◆ **What you need to do**
Pictures aside, reproduce exactly and only the lines below, starting at the one containing "2025 Chrysler Pacifica Hybrid Select" and ending at the last line.

◆ **Data shown**
*** Block opens ***

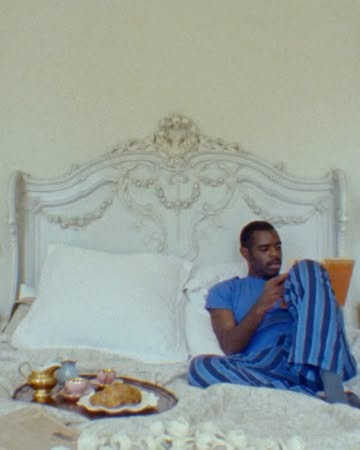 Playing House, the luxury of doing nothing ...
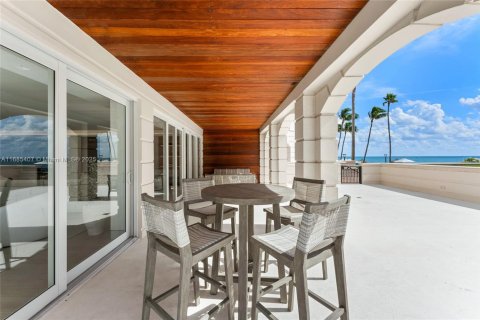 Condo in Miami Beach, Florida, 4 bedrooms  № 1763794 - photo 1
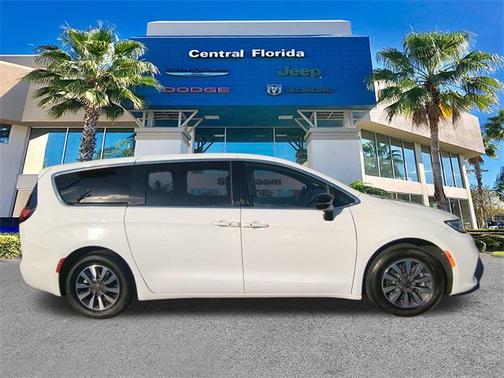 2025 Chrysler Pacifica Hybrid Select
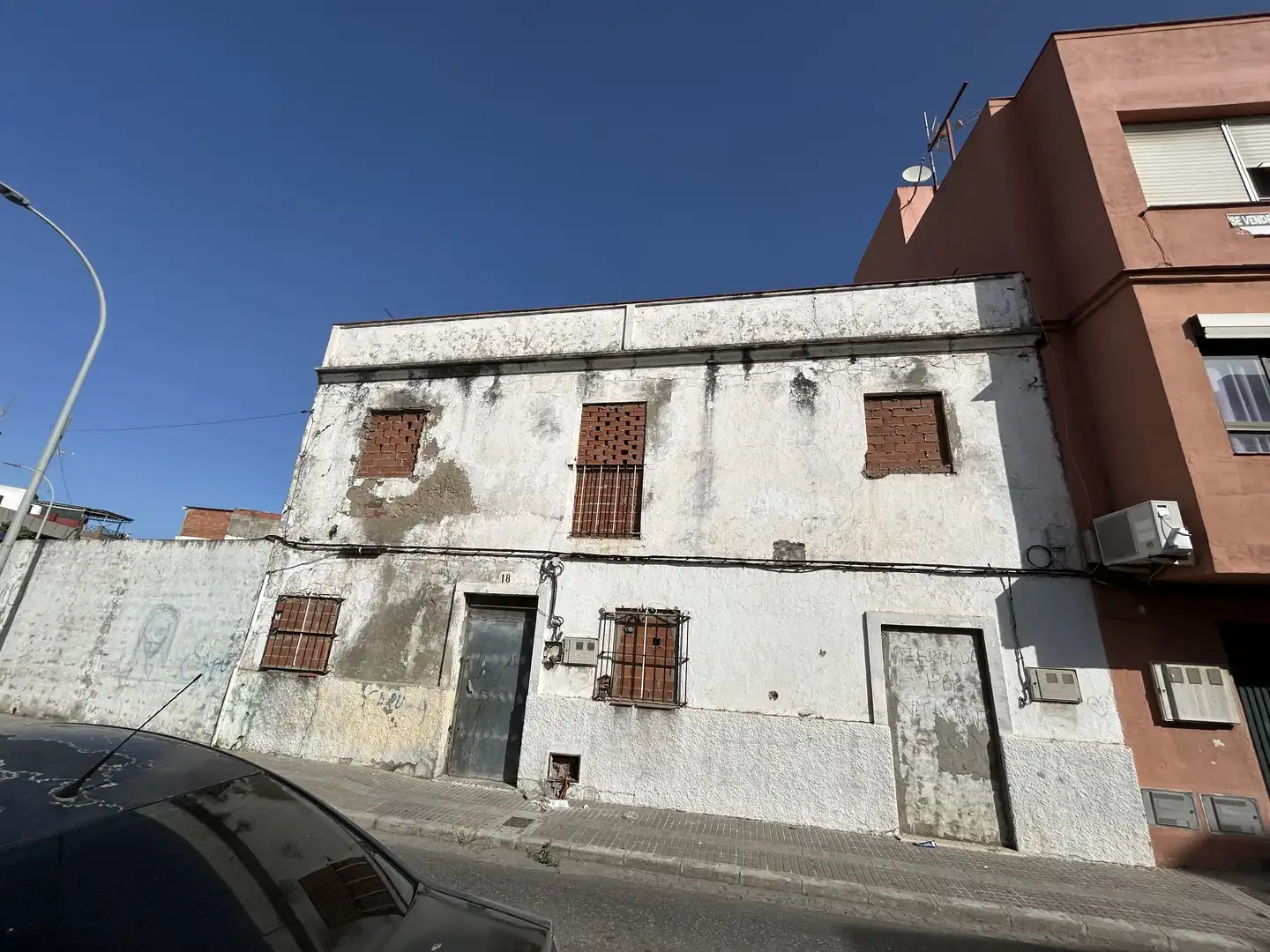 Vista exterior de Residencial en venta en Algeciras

*** Block closes ***

◆ **Solution**
 2025 Chrysler Pacifica Hybrid Select
 Vista exterior de Residencial en venta en Algeciras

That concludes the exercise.